The ingredients alone make this a gala dish, but it is not all money and show. It is delicious. It goes very well with steamed broccoli.
- One full crown roast of pork, chine bone removed, bones frenched, bones at spine end cut apart to facilitate carving (done by a good butcher)
- ¼ pound dried morels, preferably small
- 1 ounce dried porcini
- 2/3 ounce dried oyster mushroom slices
- 1 tablespoon olive oil
- ¼ pound yellow onion, cut into ¼-inch dice (about 2/3 cup)

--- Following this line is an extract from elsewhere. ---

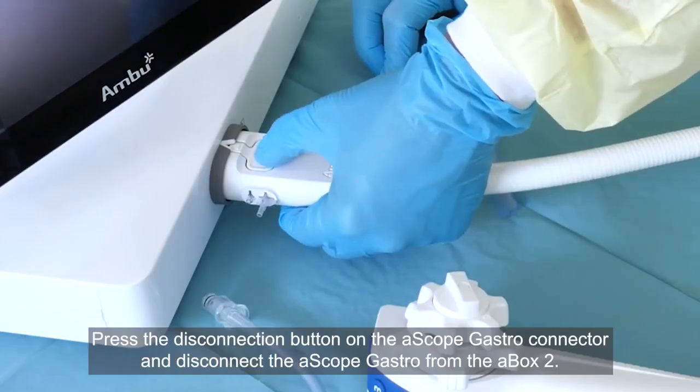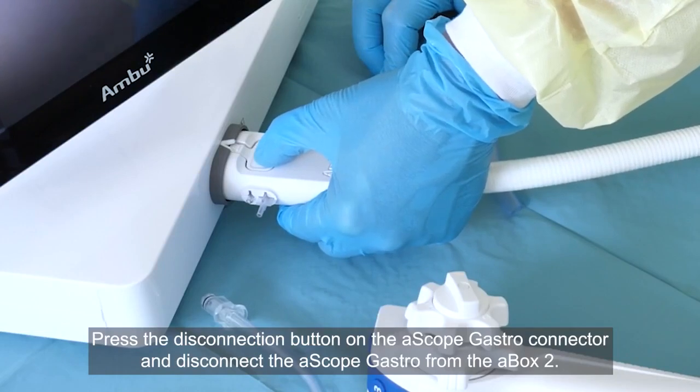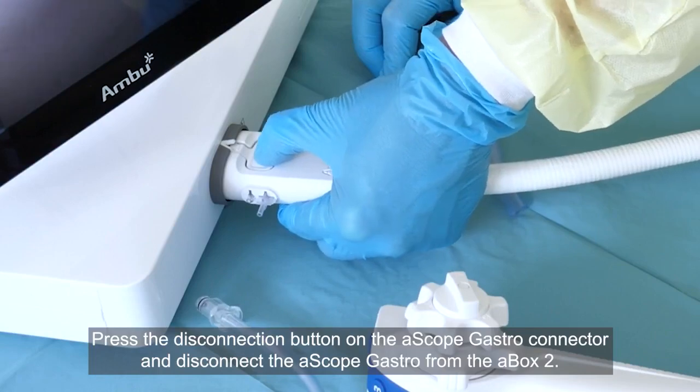Press the disconnection button on the ASCOPE gastro connector and disconnect the ASCOPE gastro from the A-Box II.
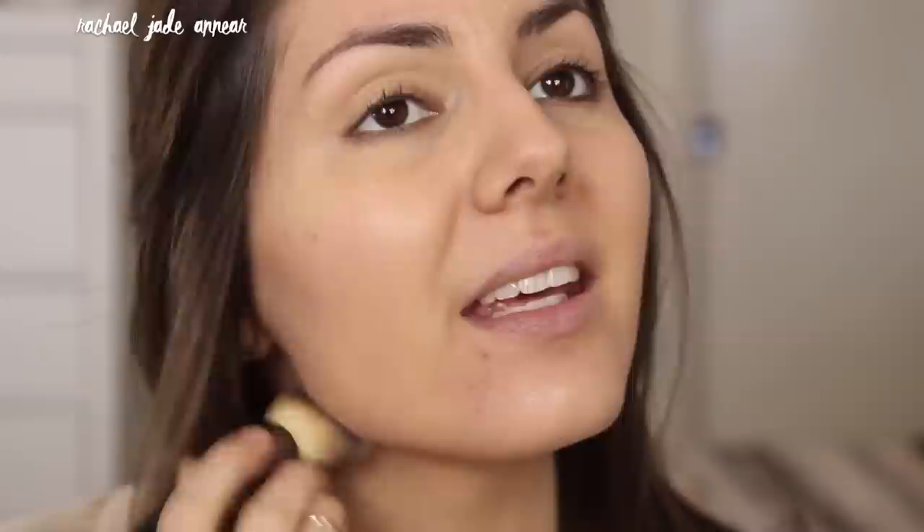For foundation, we want something that's quite skin-like but also builds on that glow. I'm going in with the EX1 Invisiwear liquid foundation — love this one, really nice on the skin but also gives great coverage. I'm mixing in a pump of the L'Oreal LumiMagic base pure light primer. This will help lighten, because this shade is a little bit too dark for me, and give us that glow we're looking for.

- 1/3 cup loosely packed finely chopped flat-leaf parsley
- 1 tablespoon chopped sage
- 1 tablespoon kosher salt
- Lots of freshly ground black pepper
- 1½ cups cooked quinoa (see Notes)
- ½ teaspoon caraway seeds
Carefully check the inside of the roast. Remember that the inside of the circle is the side of the roast normally on the outside. With a sharp pointed knife, remove as much extra fat as possible from the inside. If the butcher has not already done it, make little wrappings of aluminum foil to cover the exposed top bones. Place the roast in a pan large enough to hold it comfortably.
Boil 2 cups water. Add the morels and cook for 2 minutes. Remove from the heat. Remove the morels with a slotted spoon and reserve. Line a sieve with damp tea cloth. Pour the morel liquid through the cloth or a coffee filter.
Return the liquid to the pot with enough water to make 4 cups. Bring to a boil and add the porcini and oyster mushroom slices. Boil for 2 minutes. Remove with a slotted spoon and reserve.
Heat the oven to 550°F with a rack in the second position from the bottom.
Meanwhile, cook the liquid in the pot to reduce to ¾ cup.
Heat the oil in a small sauté pan over medium-low heat. Cook the onion until soft and translucent, about 10 minutes. Coarsely chop the porcini and oyster mushrooms and any large or mushy or torn morels. Toss with the onion, herbs, salt and pepper, quinoa, caraway, and ¼ cup of the reduced mushroom liquid.
Grease a 6-inch square of aluminum foil. Pile as much of the stuffing into the center of the crown roast as possible, patting it down and mounding it. Reserve any extra stuffing. Cover the stuffing with the greased foil. Put the roast in the oven for 50 minutes. Remove the foil. Roast for 15 more minutes. Check the temperature of the meat with an instant-read thermometer, making sure the tip isn’t touching bone and goes toward the center into the thickest part. If the temperature has not reached 145°F, return the roast to the oven until it has.
Remove the roast from the oven. Either with a strong commercial hamburger spatula or with hands and two clean kitchen towels, move the roast to a platter. Remove the foil from the bones.
Put the pan on top of the stove. Add 2 cups water and any leftover stuffing. Bring to a boil, scraping the bottom of the pan to dissolve all the meat juices.
Serve the roast carved into chops with a large spoonful of dressing and pass the deglazing liquid as a sauce.
In addition to your carving knife and fork, be sure to have kitchen scissors on hand as string will have been used to form the crown.